Implement on_failure
to handle cleanup in case of pipeline failure.
Cleanup of downloaded archives or cloned repos is necessary to avoid potential resource leakage.
Note
make valid
to format your new code using black and isort automatically.make check
to check for formatting errors.Finally, register your improver in the improver registry at vulnerabilities/improvers/__init__.py
from vulnerabilities.pipeline import enhance_with_kev
from vulnerabilities.pipeline import flag_ghost_package_with_example_org
IMPROVERS_REGISTRY = [
enhance_with_kev.VulnerabilityKevPipeline,
flag_ghost_package_with_example_org.FlagGhostPackagesWithExampleOrg,
]
IMPROVERS_REGISTRY = {
x.pipeline_id if issubclass(x, VulnerableCodePipeline) else x.qualified_name: x
for x in IMPROVERS_REGISTRY
}
Congratulations!
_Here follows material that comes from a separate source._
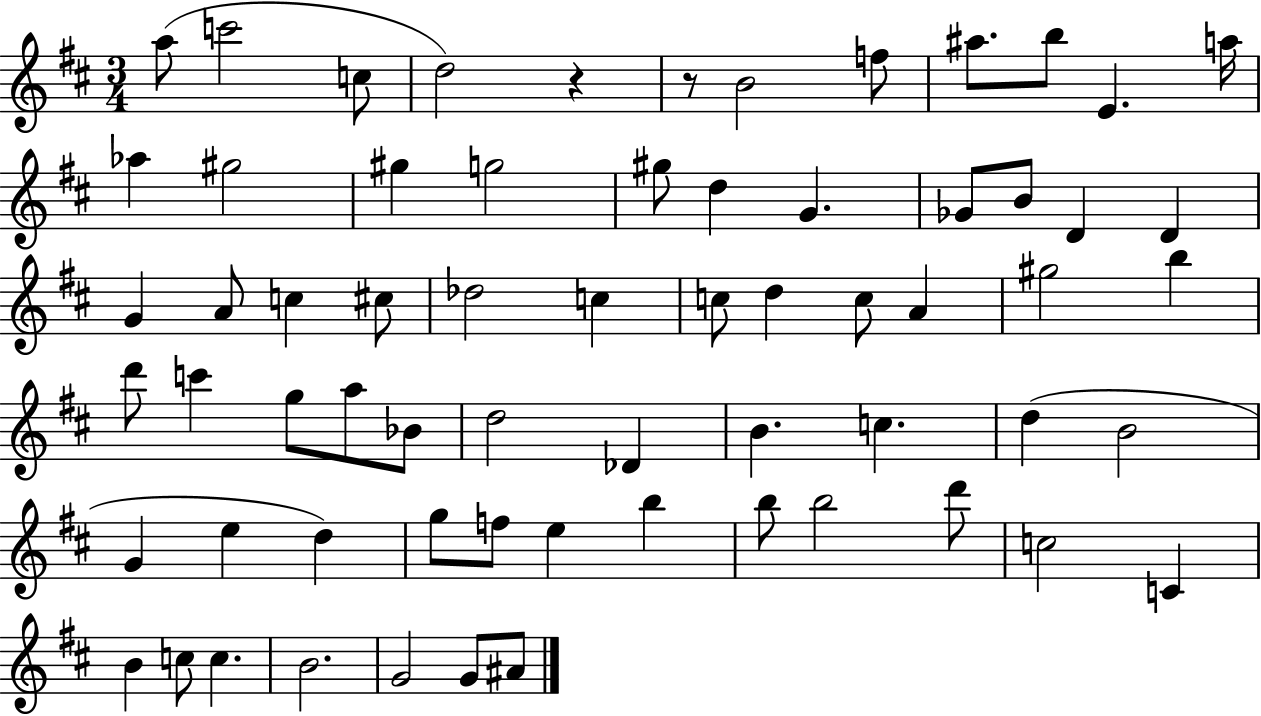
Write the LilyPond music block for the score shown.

You have written your first improver pipeline.
If everything went well, you will see your improver in the list of available improvers.
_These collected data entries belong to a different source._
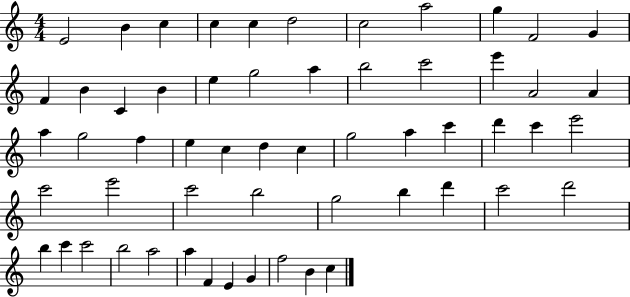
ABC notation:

X:1
T:Untitled
M:4/4
L:1/4
K:C
E2 B c c c d2 c2 a2 g F2 G F B C B e g2 a b2 c'2 e' A2 A a g2 f e c d c g2 a c' d' c' e'2 c'2 e'2 c'2 b2 g2 b d' c'2 d'2 b c' c'2 b2 a2 a F E G f2 B c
$ ./manage.py improve --list
Vulnerability data can be processed by these available improvers:
enhance_with_kev
flag_ghost_package_with_example_org
Now, run the improver.
$ ./manage.py improve flag_ghost_package_with_example_org
Improving data using flag_ghost_package_with_example_org
INFO 2024-10-17 14:37:54.482 Pipeline [FlagGhostPackagesWithExampleOrg] starting
INFO 2024-10-17 14:37:54.482 Step [fetch_response] starting
INFO 2024-10-17 14:37:54.482 Step [fetch_response] completed in 0 seconds
INFO 2024-10-17 14:37:54.482 Step [flag_ghost_packages] starting
INFO 2024-10-17 14:37:54.488 Successfully flagged 5 ghost Packages
INFO 2024-10-17 14:37:54.488 Step [flag_ghost_packages] completed in 0 seconds
INFO 2024-10-17 14:37:54.488 Pipeline completed in 0 seconds
See :ref:`command_line_interface` for command line usage instructions.
Tip
If you need to improve package vulnerability relations created using a certain pipeline, simply use the pipeline_id to filter out only those items. For example, if you want to improve only those AffectedByPackageRelatedVulnerability entries that were created by npm_importer pipeline, you can do so with the following query:
AffectedByPackageRelatedVulnerability.objects.filter(created_by=NpmImporterPipeline.pipeline_id)
Note
Make sure to use properly optimized query sets, and wherever needed, use paginated query sets.